That would only matter if the BMS were designed to prevent it.

Many designs, doing it that way is how you bypass the BMS restrictions.

Without a BMS they both go to the same points
 
You bypass the overvoltage circuits behind the charging port when you come in via the output port. The hoverboard makers were doing that in 2017. With 100K units out in homes, all you needed were a few dozen chargers to go over voltage and cause a rash of exploding batteries. I believe they fixed it by switching to a single port BMS.

Having overvoltage protection saved my bacon when I was shipped a 52V battery/charger in 2016 by mistake when I ordered 48V. The 52V charger lived in my garage for a year, charging my 48V packs too. I eventually bought a 52V pack on purpose, and now I had to look at my chargers. One day I found I had two of them? Wow.

FInally, thru pilot error, I did connect a 48V charger to the output of a 36V pack. I did not burn my garage dowm, but I had to chuck the battery in a pail of water to kill it when I came back. It was so hot.
 
Wow!

13S 46.8-48.1Vnom, 52-54.6Vch

14S 50.4-51.8Vnom, 56-58.8Vch

Anyone unknowingly using a charger designed for 14S on a 13S pack IMO should get a different hobby.

I never fully trust any charger, even if they cost thousands

always check Volts & Amps, with known-good instruments separate from anything "built in" to any device

ideally every charge cycle.

Over reliance on a BMS is worse than doing without one.
 
docw009 said:
You bypass the overvoltage circuits behind the charging port when you come in via the output port. The hoverboard makers were doing that in 2017. With 100K units out in homes, all you needed were a few dozen chargers to go over voltage and cause a rash of exploding batteries. I believe they fixed it by switching to a single port BMS.

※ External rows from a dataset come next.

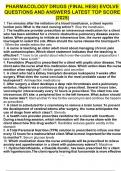 PHARMACOLOGY DRUGS &lpar;FINAL HESI&rpar; EVOLVE QUESTIONS AND ANSWERS LATEST TOP SCORE &vert;2025&vert;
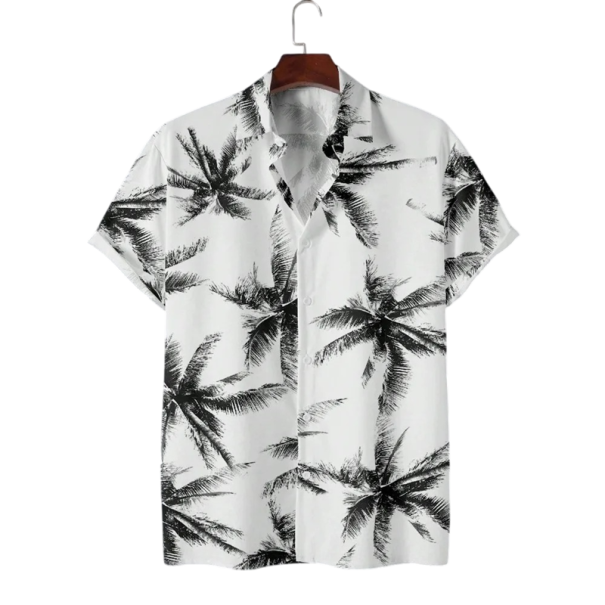 Pánská košile s krátkým rukávem Potisk palm Zapínání na knoflíky Výstřih do V Letní styl Polyester a spandex černá XS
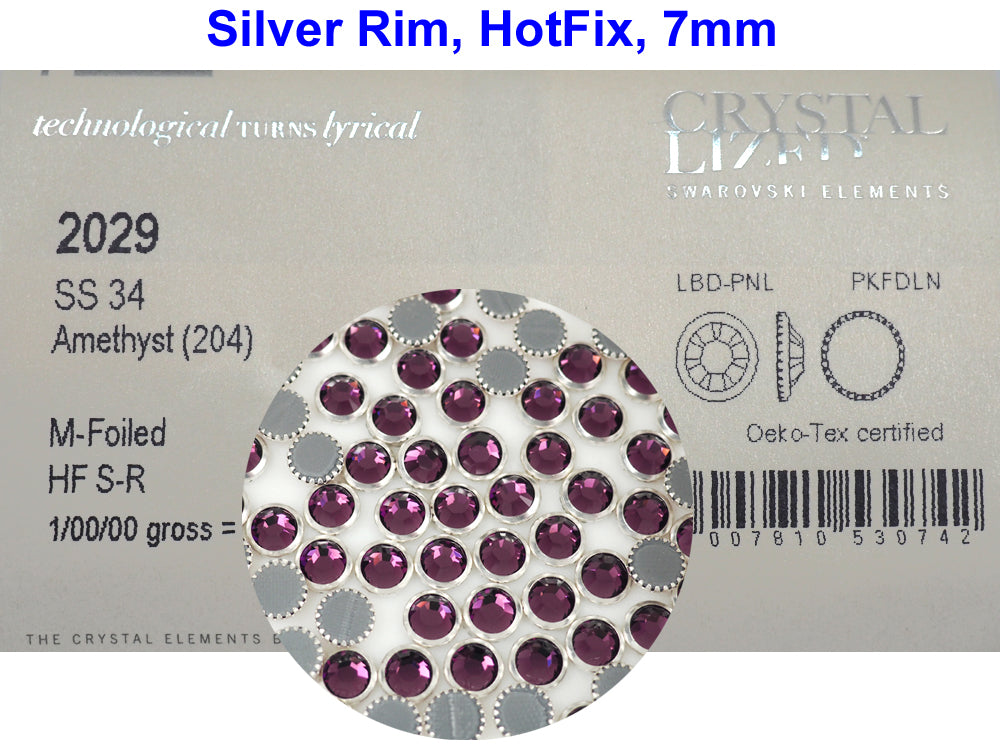 Swarovski Art.# 2028/HOTFIX Flatbacks, Hyacinth Iron-on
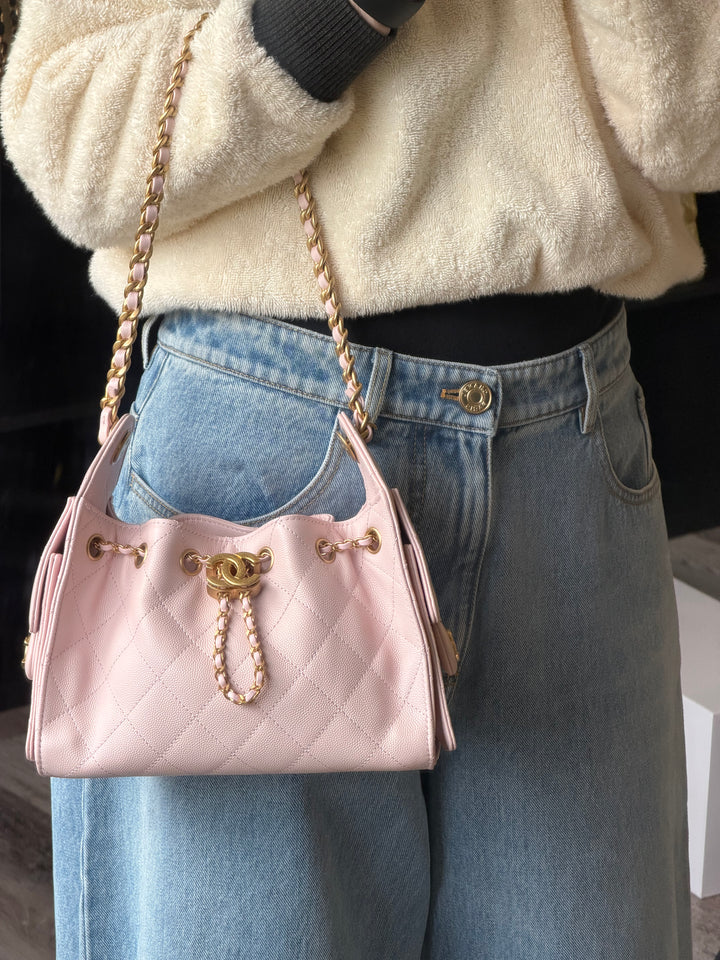Chanel Mini 25 Hobo Bag Caviar Leather Mauve Pink Antique Gold Hardware 2026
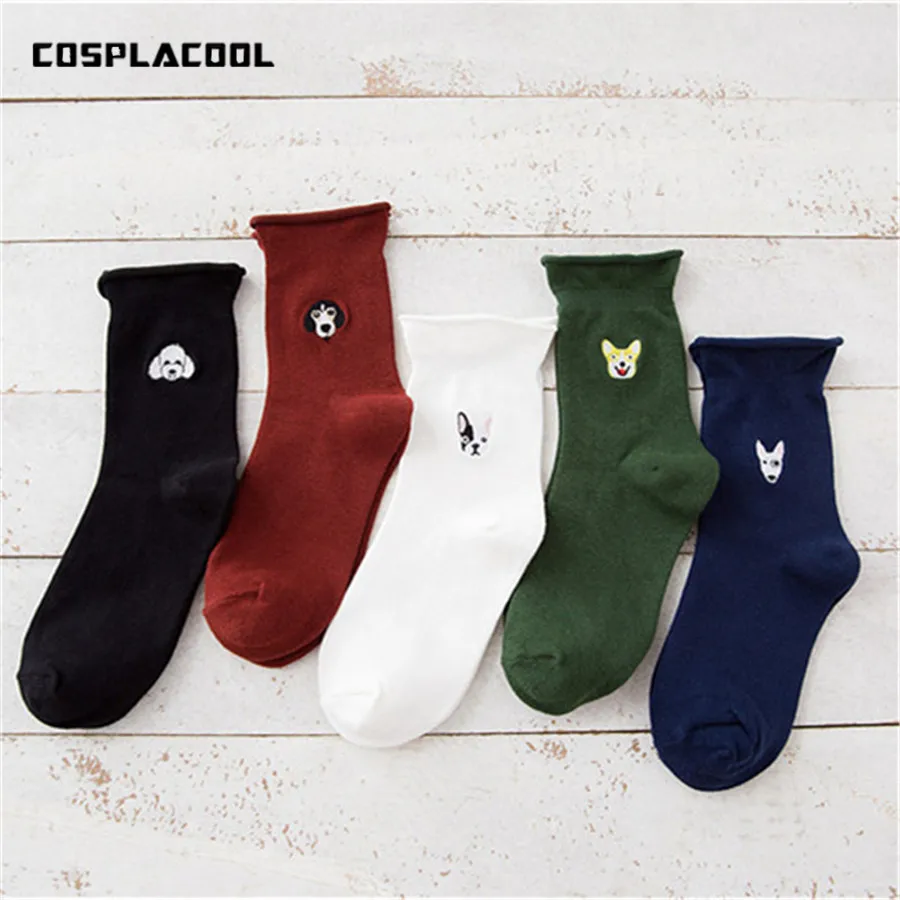 1 пара Для женщин мода вышивка собака узоры Хлопок Зима Комплект носков милый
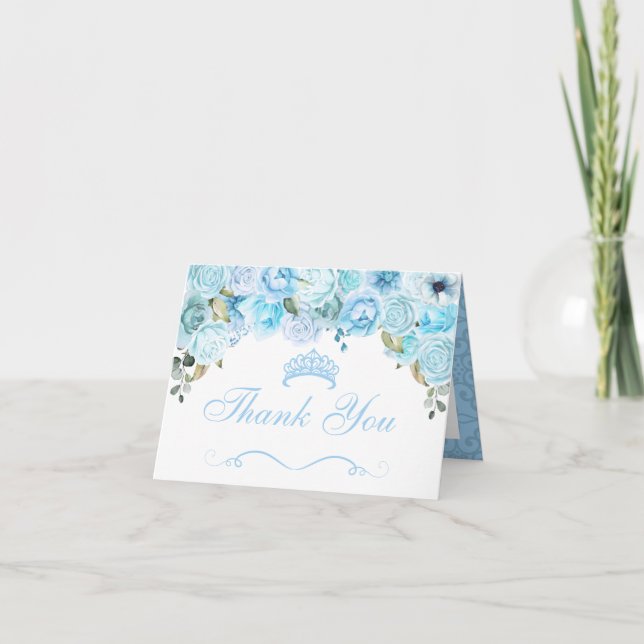 Sky Blue Floral Quinceanera Merci Invitation (Devant)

Having overvoltage protection saved my bacon when I was shipped a 52V battery/charger in 2016 by mistake when I ordered 48V. The 52V charger lived in my garage for a year, charging my 48V packs too. I eventually bought a 52V pack on purpose, and now I had to look at my chargers. One day I found I had two of them? Wow.

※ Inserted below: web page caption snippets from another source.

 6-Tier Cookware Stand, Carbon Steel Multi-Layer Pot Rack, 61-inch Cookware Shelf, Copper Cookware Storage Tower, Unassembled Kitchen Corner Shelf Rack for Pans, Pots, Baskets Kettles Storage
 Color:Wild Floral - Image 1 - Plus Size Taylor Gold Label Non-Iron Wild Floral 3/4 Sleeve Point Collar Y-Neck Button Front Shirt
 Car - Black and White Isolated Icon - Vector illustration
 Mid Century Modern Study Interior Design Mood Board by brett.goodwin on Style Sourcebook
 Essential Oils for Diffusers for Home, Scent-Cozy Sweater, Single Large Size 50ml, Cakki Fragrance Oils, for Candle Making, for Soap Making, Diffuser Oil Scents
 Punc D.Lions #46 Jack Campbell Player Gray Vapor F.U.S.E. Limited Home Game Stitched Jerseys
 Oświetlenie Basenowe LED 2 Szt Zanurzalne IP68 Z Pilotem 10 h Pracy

FInally, thru pilot error, I did connect a 48V charger to the output of a 36V pack. I did not burn my garage dowm, but I had to chuck the battery in a pail of water to kill it when I came back. It was so hot.
Thanks, DW; probably I'm safe since only charging to 80% and checked the output of the charger which was accurate.
 
john61ct said:
Wow!

13S 46.8-48.1Vnom, 52-54.6Vch

14S 50.4-51.8Vnom, 56-58.8Vch

Anyone unknowingly using a charger designed for 14S on a 13S pack IMO should get a different hobby.

I never fully trust any charger, even if they cost thousands

always check Volts & Amps, with known-good instruments separate from anything "built in" to any device

ideally every charge cycle.

Over reliance on a BMS is worse than doing without one.
Thanks again; checked the output of the charger when I received it and it was correct. Plus, by charging to 80%, probably safe. Reconfigured system so the mistake can't be repeated. All things considered will charge battery outside and store it "safely".